Five Pakistani police personnel were killed on Tuesday when their van was ambushed in a bombing and shooting attack in the country’s northwest Khyber Pakhtunkhwa district, provincial police said, as Pakistan struggles with a resurgence of militant violence.
Provincial police said the vehicle was first targeted with improvised explosives before the attackers opened fire, killing four officers and the driver. No group has claimed responsibility for Tuesday’s attack. However, suspicion is likely to fall on the Pakistani Taliban, or TTP, which is separate from but aligned with Afghanistan’s Taliban government and has been blamed by authorities for previous attacks, reported Daily Sabah
Justice For Policemen
Pakistan’s Prime Minister Shehbaz Sharif condemned the attack. “Police have always played a frontline role in the war against terrorism,” Sharif said.

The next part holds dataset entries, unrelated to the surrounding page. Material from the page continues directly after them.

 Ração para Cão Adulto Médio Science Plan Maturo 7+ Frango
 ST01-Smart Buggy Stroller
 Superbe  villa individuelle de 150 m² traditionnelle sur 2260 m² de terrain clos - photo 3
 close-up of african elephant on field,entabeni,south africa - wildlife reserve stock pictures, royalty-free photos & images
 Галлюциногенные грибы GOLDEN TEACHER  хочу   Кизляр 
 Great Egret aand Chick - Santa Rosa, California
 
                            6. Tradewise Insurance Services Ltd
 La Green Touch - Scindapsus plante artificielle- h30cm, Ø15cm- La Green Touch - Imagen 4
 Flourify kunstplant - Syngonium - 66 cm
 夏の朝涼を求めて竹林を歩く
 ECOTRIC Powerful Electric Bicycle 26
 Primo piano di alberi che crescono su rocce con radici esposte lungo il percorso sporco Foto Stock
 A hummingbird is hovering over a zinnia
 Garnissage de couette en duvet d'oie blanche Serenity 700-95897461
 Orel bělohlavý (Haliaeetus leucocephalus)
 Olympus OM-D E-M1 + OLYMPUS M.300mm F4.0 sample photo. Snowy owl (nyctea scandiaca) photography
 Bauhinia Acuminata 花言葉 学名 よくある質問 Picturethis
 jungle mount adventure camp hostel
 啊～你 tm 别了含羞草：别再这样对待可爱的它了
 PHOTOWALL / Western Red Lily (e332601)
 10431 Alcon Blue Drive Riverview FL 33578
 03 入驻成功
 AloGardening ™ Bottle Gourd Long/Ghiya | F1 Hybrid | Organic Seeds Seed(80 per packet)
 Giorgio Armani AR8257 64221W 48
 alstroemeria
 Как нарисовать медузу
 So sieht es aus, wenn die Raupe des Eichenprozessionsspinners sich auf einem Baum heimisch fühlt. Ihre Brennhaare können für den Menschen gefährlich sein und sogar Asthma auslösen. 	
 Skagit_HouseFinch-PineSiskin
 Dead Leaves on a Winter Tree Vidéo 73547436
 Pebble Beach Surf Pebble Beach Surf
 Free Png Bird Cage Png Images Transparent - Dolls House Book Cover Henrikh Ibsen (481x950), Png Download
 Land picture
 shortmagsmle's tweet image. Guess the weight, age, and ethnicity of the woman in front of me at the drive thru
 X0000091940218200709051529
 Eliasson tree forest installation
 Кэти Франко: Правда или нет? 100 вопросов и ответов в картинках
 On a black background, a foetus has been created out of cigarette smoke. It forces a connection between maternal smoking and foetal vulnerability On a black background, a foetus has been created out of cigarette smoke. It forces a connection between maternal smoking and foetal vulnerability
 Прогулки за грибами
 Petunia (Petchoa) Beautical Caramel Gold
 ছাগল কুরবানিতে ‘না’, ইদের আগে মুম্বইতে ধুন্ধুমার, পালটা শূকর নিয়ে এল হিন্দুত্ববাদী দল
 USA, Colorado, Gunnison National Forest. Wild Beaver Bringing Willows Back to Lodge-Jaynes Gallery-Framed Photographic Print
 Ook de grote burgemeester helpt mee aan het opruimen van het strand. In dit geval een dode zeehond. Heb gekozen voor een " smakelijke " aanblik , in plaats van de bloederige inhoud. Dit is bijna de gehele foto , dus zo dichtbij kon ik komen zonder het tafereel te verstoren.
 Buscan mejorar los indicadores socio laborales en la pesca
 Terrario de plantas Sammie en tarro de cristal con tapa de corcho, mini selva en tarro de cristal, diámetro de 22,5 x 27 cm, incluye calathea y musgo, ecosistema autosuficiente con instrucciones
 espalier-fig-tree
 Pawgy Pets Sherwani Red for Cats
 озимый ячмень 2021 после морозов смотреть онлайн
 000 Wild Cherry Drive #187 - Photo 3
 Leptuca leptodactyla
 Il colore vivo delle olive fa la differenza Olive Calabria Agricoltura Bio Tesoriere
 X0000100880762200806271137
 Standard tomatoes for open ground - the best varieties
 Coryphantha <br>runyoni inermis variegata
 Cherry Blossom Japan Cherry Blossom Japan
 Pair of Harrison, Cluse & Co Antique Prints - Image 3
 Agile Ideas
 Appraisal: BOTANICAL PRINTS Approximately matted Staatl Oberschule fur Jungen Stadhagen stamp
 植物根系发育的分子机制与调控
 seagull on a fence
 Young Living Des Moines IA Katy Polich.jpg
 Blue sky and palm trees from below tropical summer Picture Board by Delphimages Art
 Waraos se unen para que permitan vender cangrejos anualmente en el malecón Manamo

Daily Sabah, a Turkish newspaper, added that Pakistan’s Interior Minister Mohsin Naqvi and Khyber Pakhtunkhwa Chief Minister Suhail Afridi condemned the attack. In separate statements, they said the assailants would be brought to justice and expressed condolences to the families of the killed police officers.
Pakistan-Afghanistan Conflict
The attack in Khyber Pakhtunkhwa province’s Karak district, a region relatively unscathed by militant attacks, comes as relations between Pakistan and neighbouring Afghanistan have collapsed after a surge in violence.
The countries have struggled to maintain a truce following their worst border clashes since the Taliban came to power in October, with Islamabad blaming the rise in militancy on groups using Afghan soil to plot their attacks. Kabul denies the charges, saying Pakistan’s security is an internal problem. Talks in Istanbul last week ended without agreement.
Pakistan’s mountainous border regions are home to Islamist militants from the Tehreek-e-Taliban, who have waged a war against the Pakistani state for nearly 20 years.